EXERCISE AIM: Print the listing below again, exactly. Skip the pictures.

SUPPLIED DATA:
——
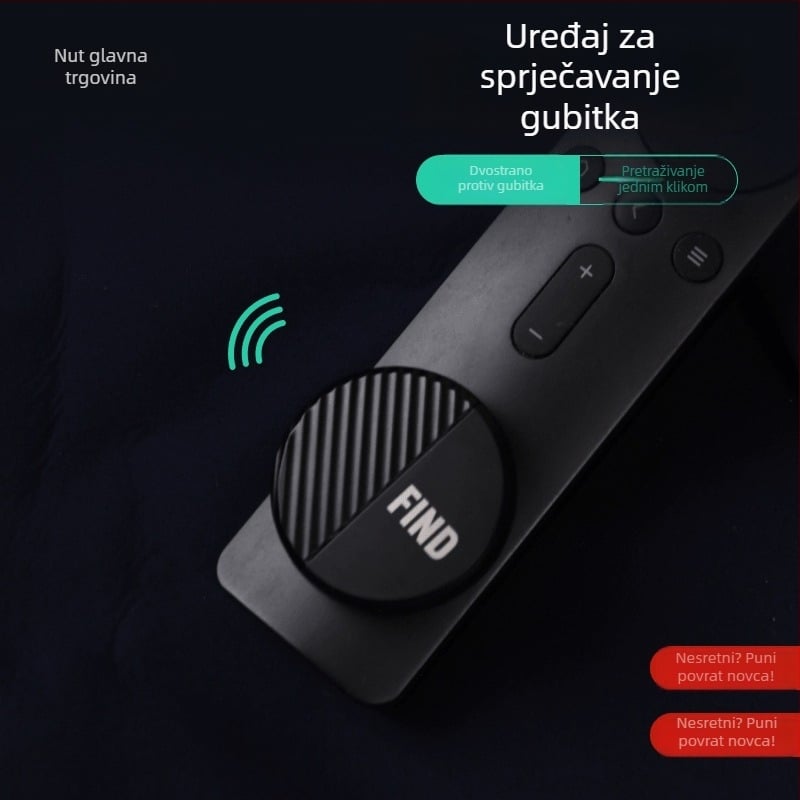 Nut F9XT Anti-Lost Tracker za prtljagu i ključeve — Dvostrano podsjećanje, Pronalaženje telefona, Praćenje, Kompatibilno s Androidom i iOS-om, Lagano 14,8 g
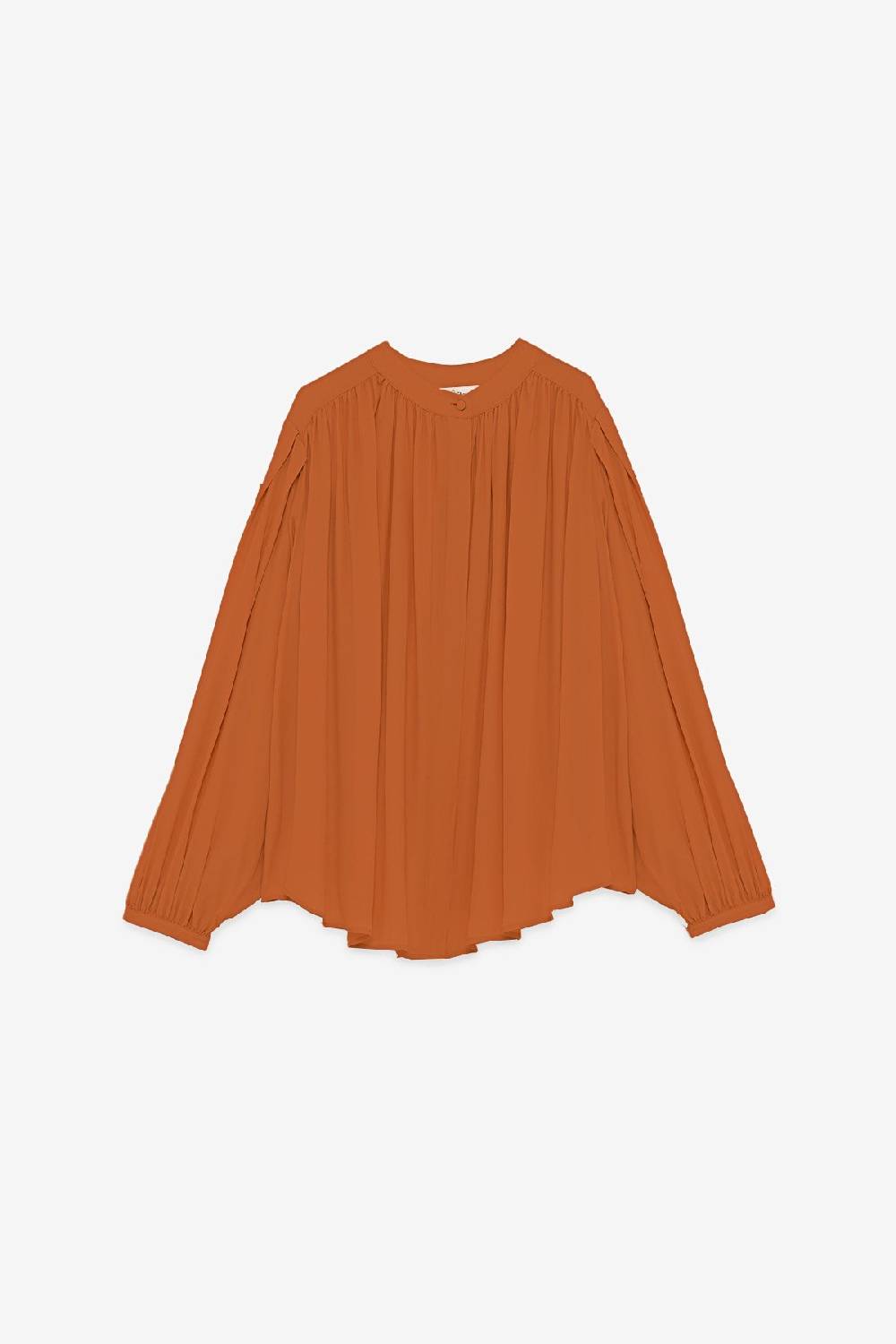 Ottod'Ame Silk-blend Draped Blouse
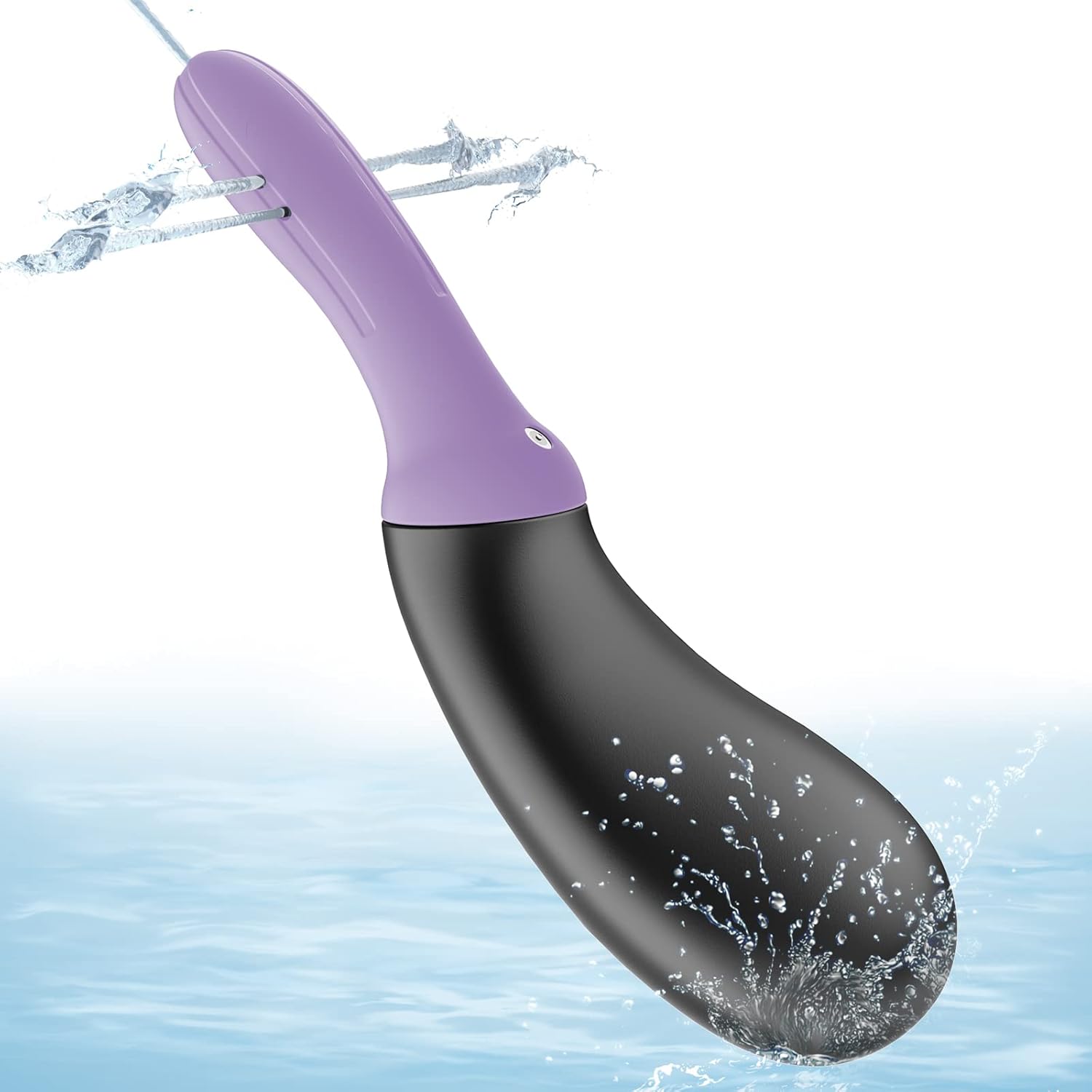 Ducha eléctrica para mujer  Bombilla de enema automática para hombres con 3 ángulos de ajuste  Kit de limpieza recargable con lavable a alta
——
OUTPUT FOR THIS TASK:
 Nut F9XT Anti-Lost Tracker za prtljagu i ključeve — Dvostrano podsjećanje, Pronalaženje telefona, Praćenje, Kompatibilno s Androidom i iOS-om, Lagano 14,8 g
 Ottod'Ame Silk-blend Draped Blouse
 Ducha eléctrica para mujer  Bombilla de enema automática para hombres con 3 ángulos de ajuste  Kit de limpieza recargable con lavable a alta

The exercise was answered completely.